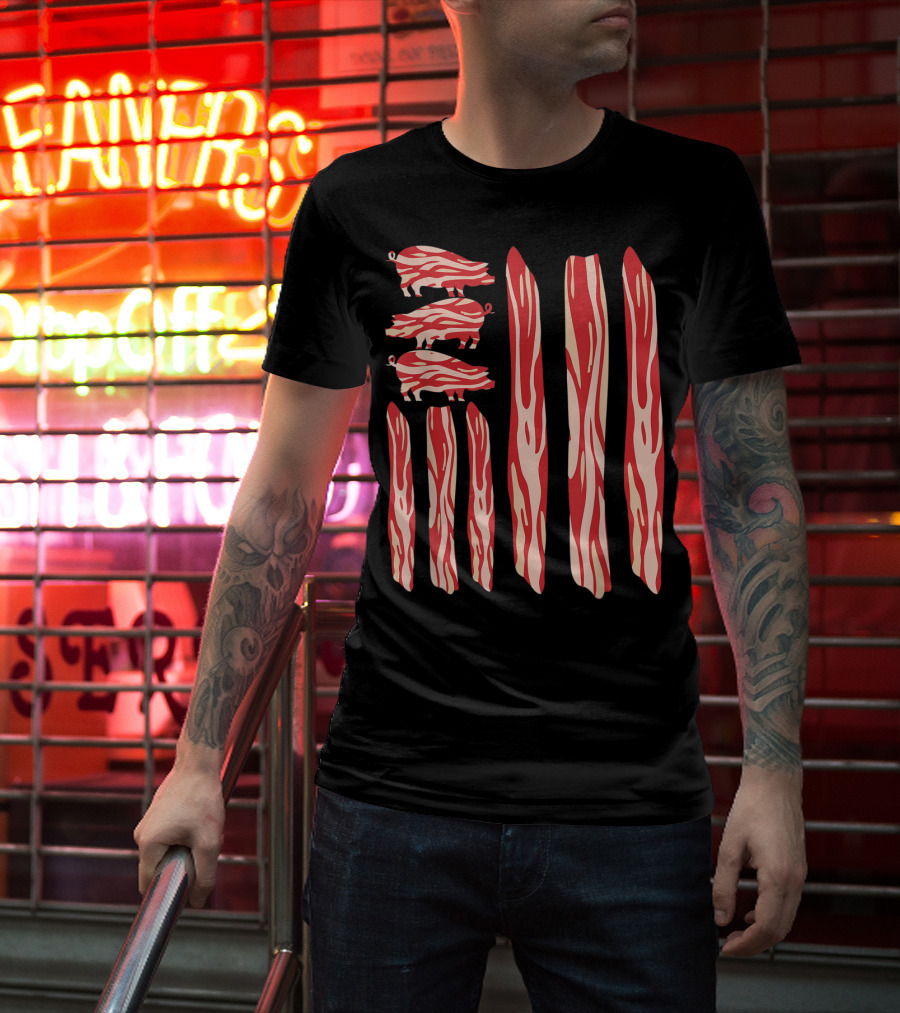Funny Vintage Bacon Flag With Pig T-Shirt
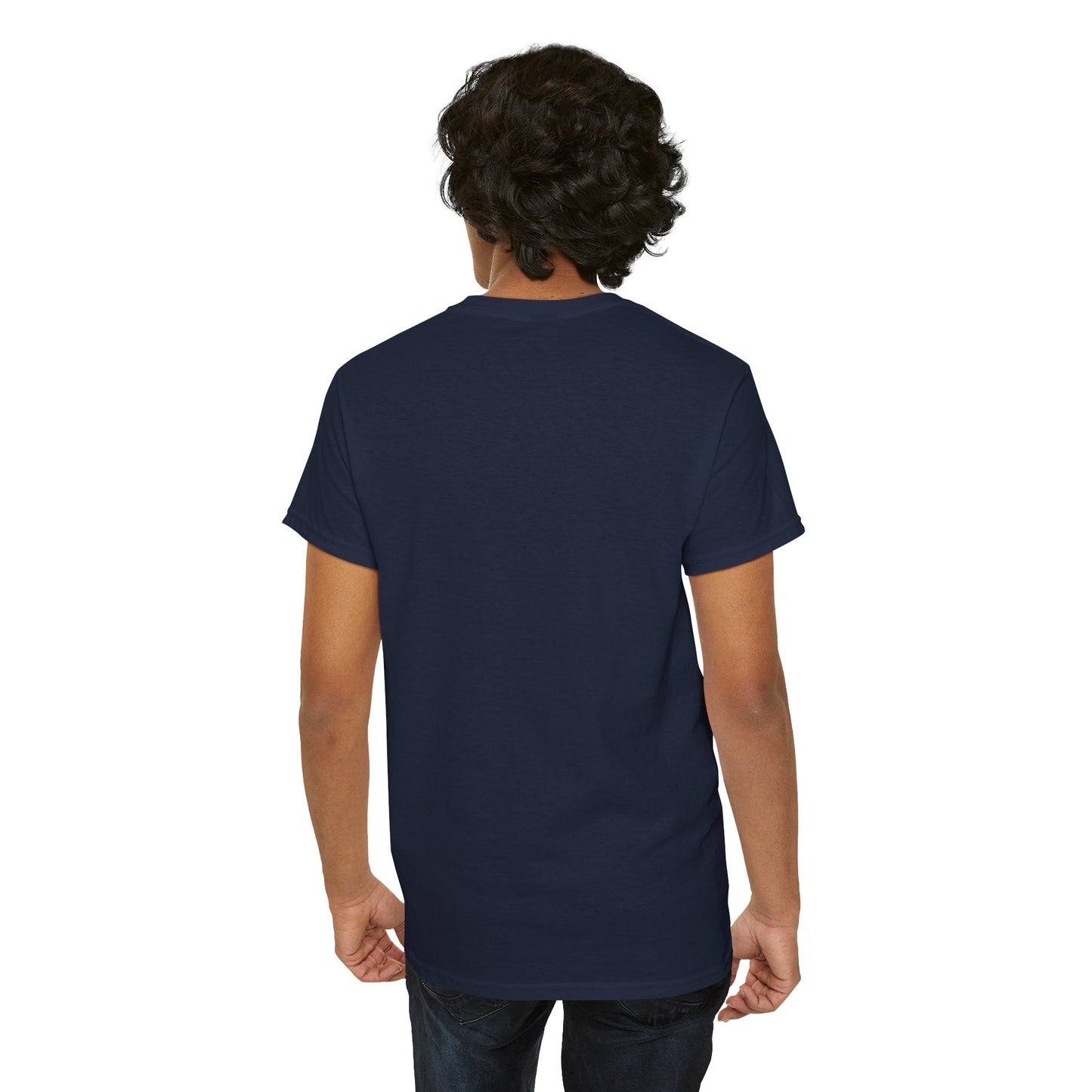 Back view of a luxurious navy Tokyo Revengers t-shirt, emphasizing the simplicity and elegance, ideal for any casual and trendy outfit.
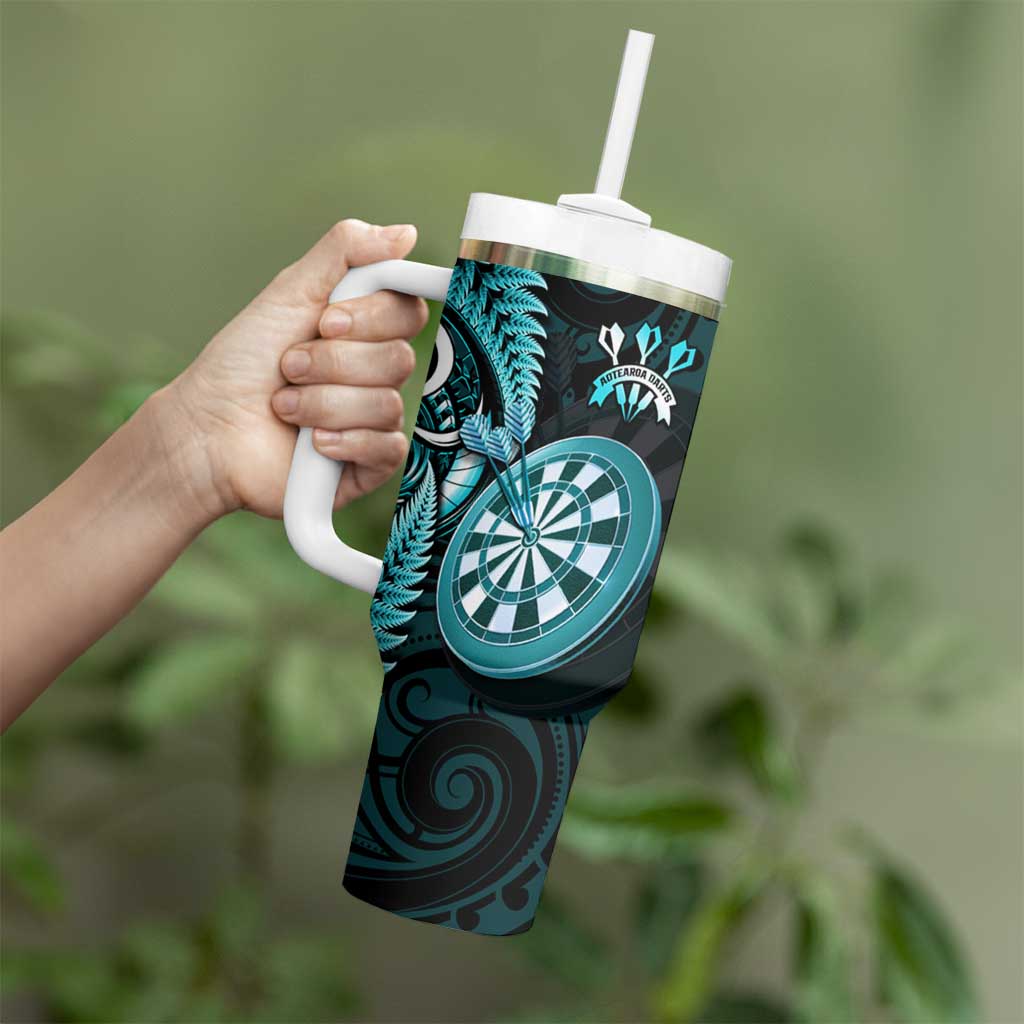 Personalised New Zealand Darts Tumbler With Handle Happiness Is A Tight Threesome Maori Turquoise LT14 - Polynesian Pride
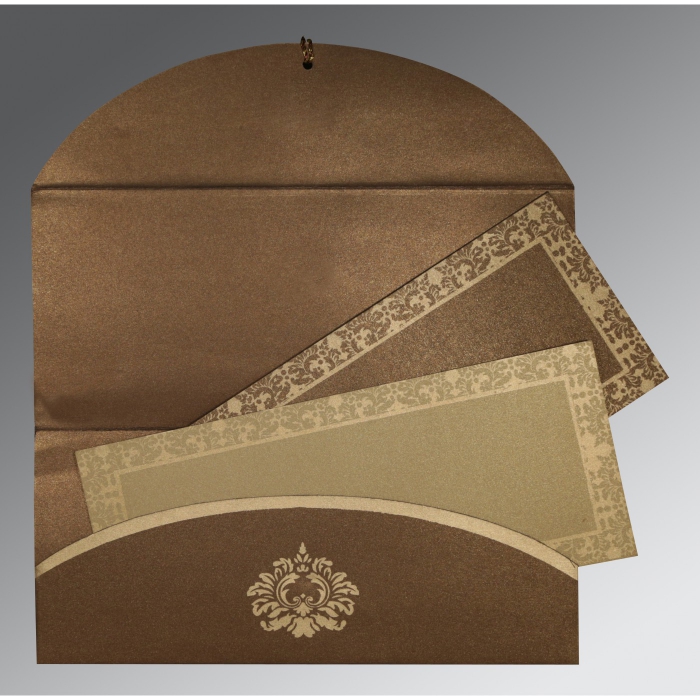 COFFEE BROWN SHIMMERY SCREEN PRINTED WEDDING INVITATION : IN-1500 - 123WeddingCards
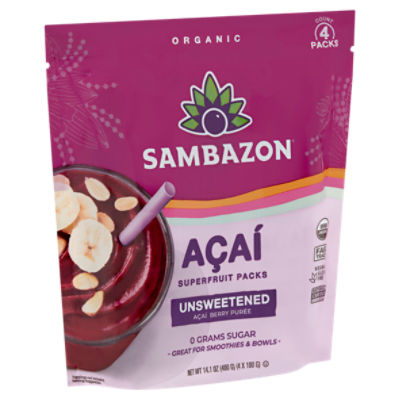 Sambazon Zero Sugar Pure Unsweetened Açaí Berry Superfruit Packs, 4 count,  14.1 oz - Fairway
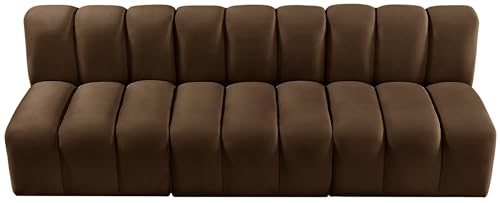 Meridian Furniture 103Brown-S3F Arc Collection Modern | Contemporary Modular Sofa with Soft Brown Velvet, Deep Channel Tufting, Modular Design, 89.5" W x 31" D x 30" H, Brown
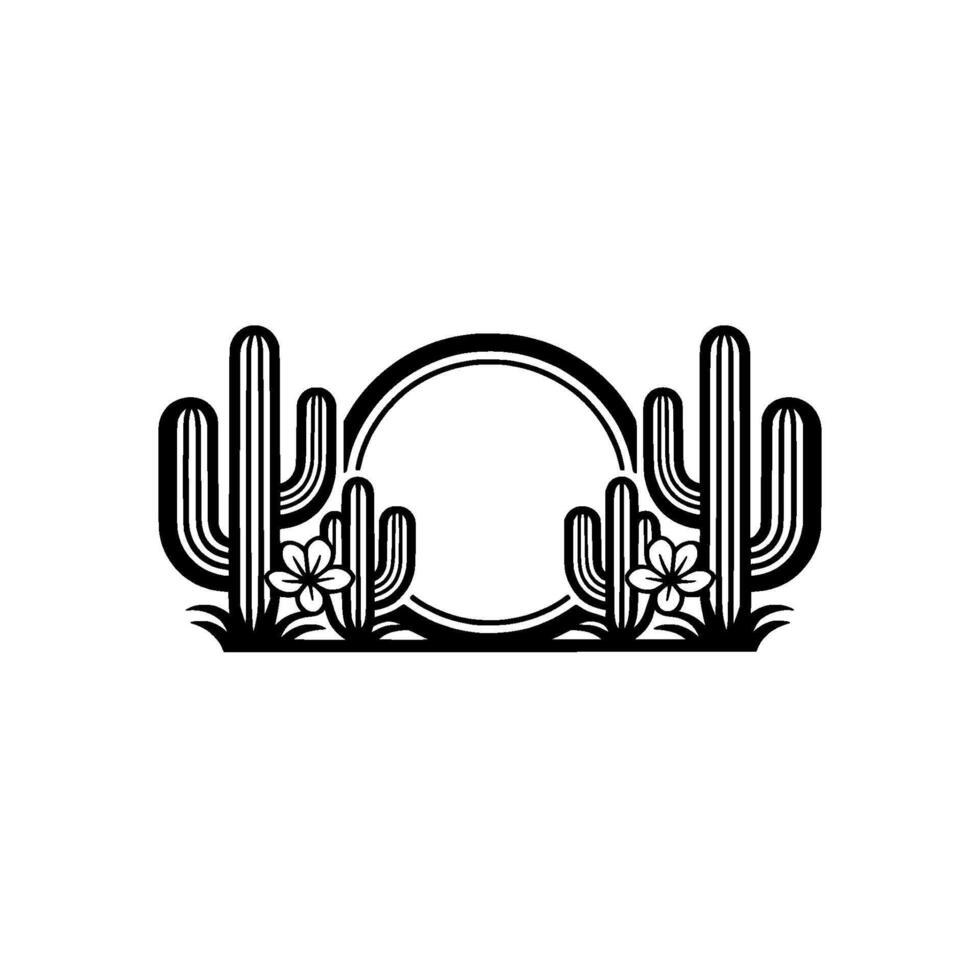 Minimalist Desert Cactus Frame , Black and White vector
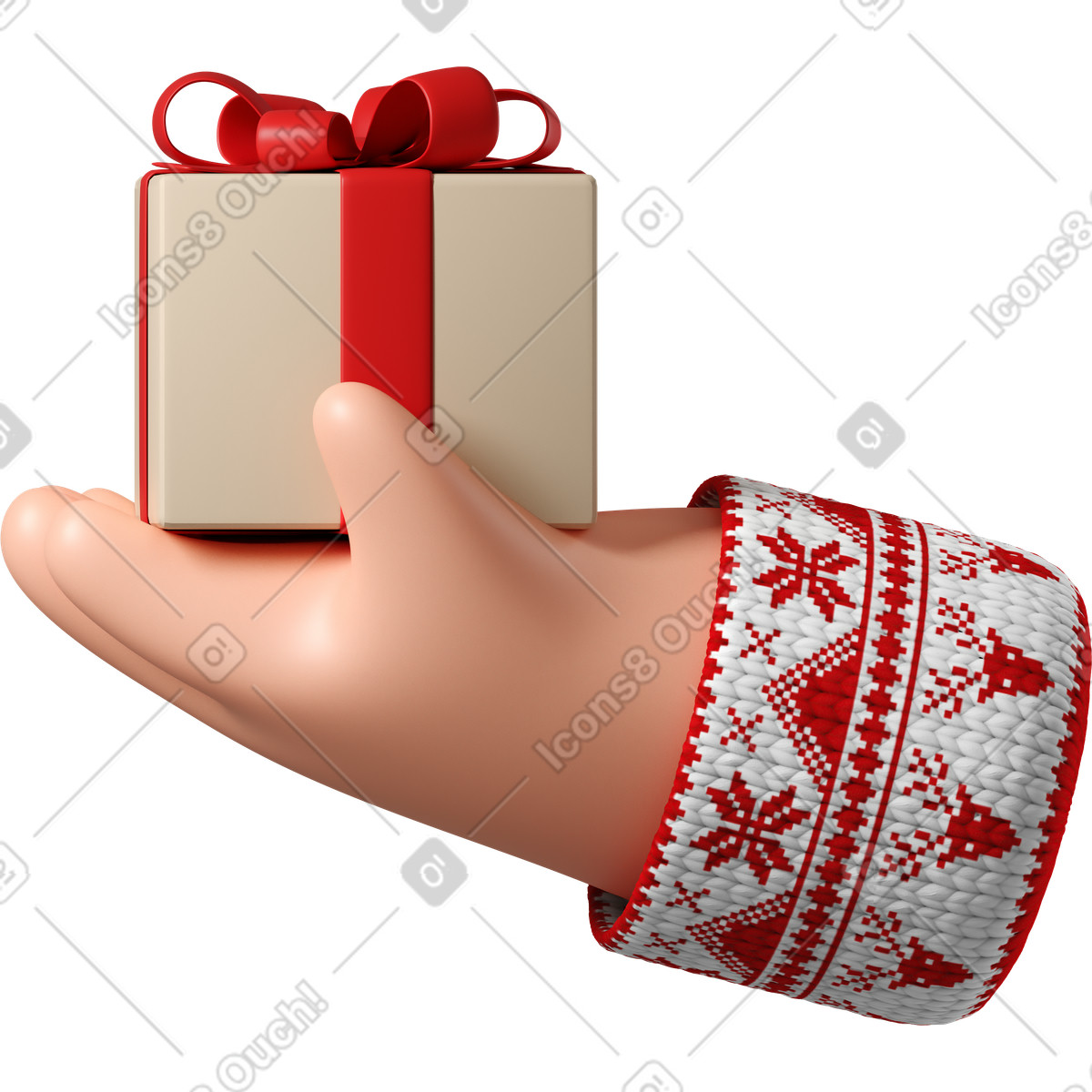 3D Hands Fun&Wild スタイルの ギフト用の箱を持ったクリスマス柄の白いセーターを着た白い肌の手 のイラストをPNG、SVG形式でダウンロード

◆ ◆ ◆ ◆ ◆ ◆ ◆

__Task goal__: Exact copy, no images: rewrite the entire listing above.

__Solution to the problem__:
Funny Vintage Bacon Flag With Pig T-Shirt
 Back view of a luxurious navy Tokyo Revengers t-shirt, emphasizing the simplicity and elegance, ideal for any casual and trendy outfit.
 Personalised New Zealand Darts Tumbler With Handle Happiness Is A Tight Threesome Maori Turquoise LT14 - Polynesian Pride
 COFFEE BROWN SHIMMERY SCREEN PRINTED WEDDING INVITATION : IN-1500 - 123WeddingCards
 Sambazon Zero Sugar Pure Unsweetened Açaí Berry Superfruit Packs, 4 count,  14.1 oz - Fairway
 Meridian Furniture 103Brown-S3F Arc Collection Modern | Contemporary Modular Sofa with Soft Brown Velvet, Deep Channel Tufting, Modular Design, 89.5" W x 31" D x 30" H, Brown
 Minimalist Desert Cactus Frame , Black and White vector
 3D Hands Fun&Wild スタイルの ギフト用の箱を持ったクリスマス柄の白いセーターを着た白い肌の手 のイラストをPNG、SVG形式でダウンロード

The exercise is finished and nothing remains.